У письма уже загнулись уголки, оно измялось и перепачкалось в краске, но Рембрандт расставался с ним только тогда, когда ложился спать, и проносил его в кармане целых десять дней. Оно пришло с первым снегом и разом заставило художника позабыть об осени с ее гнилыми туманами и о пустоте в сердце, которая, словно недуг, томила его со дня встречи с Яном Ливенсом. И всякий раз, когда случались неприятности — не являлся долгожданный заказчик, или приходилось снова брать деньги из банка, или вспыхивала ссора с Хендрикье, которая, не считаясь с его советами, каждое воскресенье уходила в церковь, где, того и гляди, могла наслушаться упреков от ханжей, — всякий раз, когда дела шли плохо, Рембрандт вынимал из кармана измятое письмо и перечитывал его.

Оно было — хотя он осмелился поверить в это лишь тогда, когда прочел подпись в конце длинной официальной бумаги — от его превосходительства Константейна Хейгенса, по-прежнему состоявшего секретарем принца в Гааге.
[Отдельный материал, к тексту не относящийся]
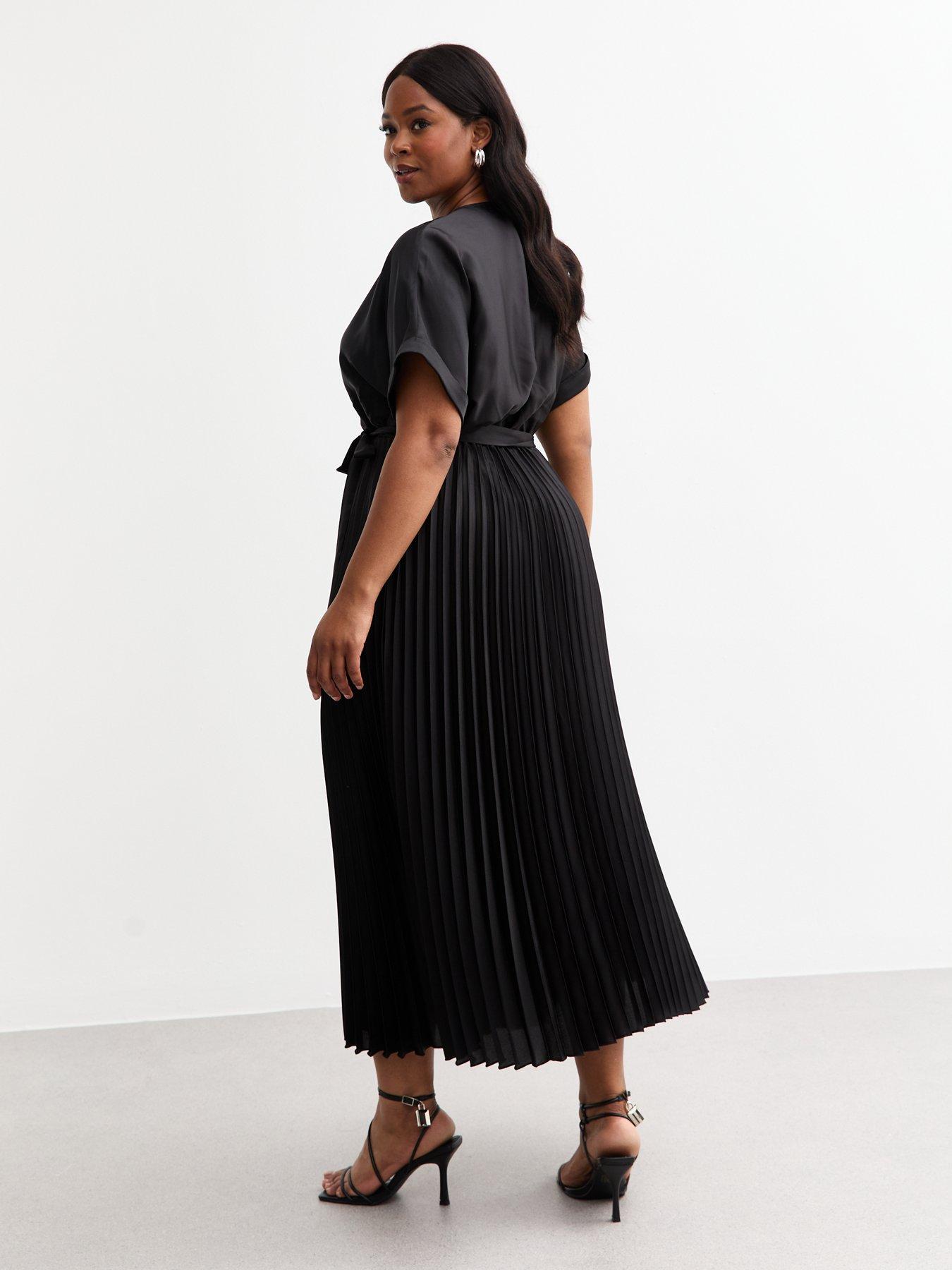 Image 2 of 4 of New Look Curve Crossover Satin Midi Dress - Black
Оно гласило, — совершенно невероятная новость! — что принц Фредерик-Генрих намерен добавить еще две картины к тем пяти полотнам Рембрандта, которые доставили его высочеству так много удовольствия, и что он, Хейгенс, восемнадцатого ноября приедет в Амстердам и будет признателен художнику, если тот уделит ему вечер — им надо обсудить сюжеты картин и условиться о цене. Письмо было написано настолько теплым тоном, что рассеивало всякие опасения, и Рембрандт лишь слегка удивился, почему между двумя заказами принца протекло десять лет — не потому ли, что Фредерик-Генрих вспомнил о Рембрандте ван Рейне лишь после смерти Рубенса.

От письма, словно дым или аромат, исходили старые, но все еще осязаемые воспоминания: дни славы и уверенности в себе, когда люди толпами валили в зал Хирургической гильдии, чтобы посмотреть «Урок анатомии доктора Тюльпа», когда секретарь принца, этот человечек с блестящими глазами и глянцевитой бородкой, стоял на складе за мельницей и, не обращая внимания на стужу, ворковал над «Иудой» как голубь.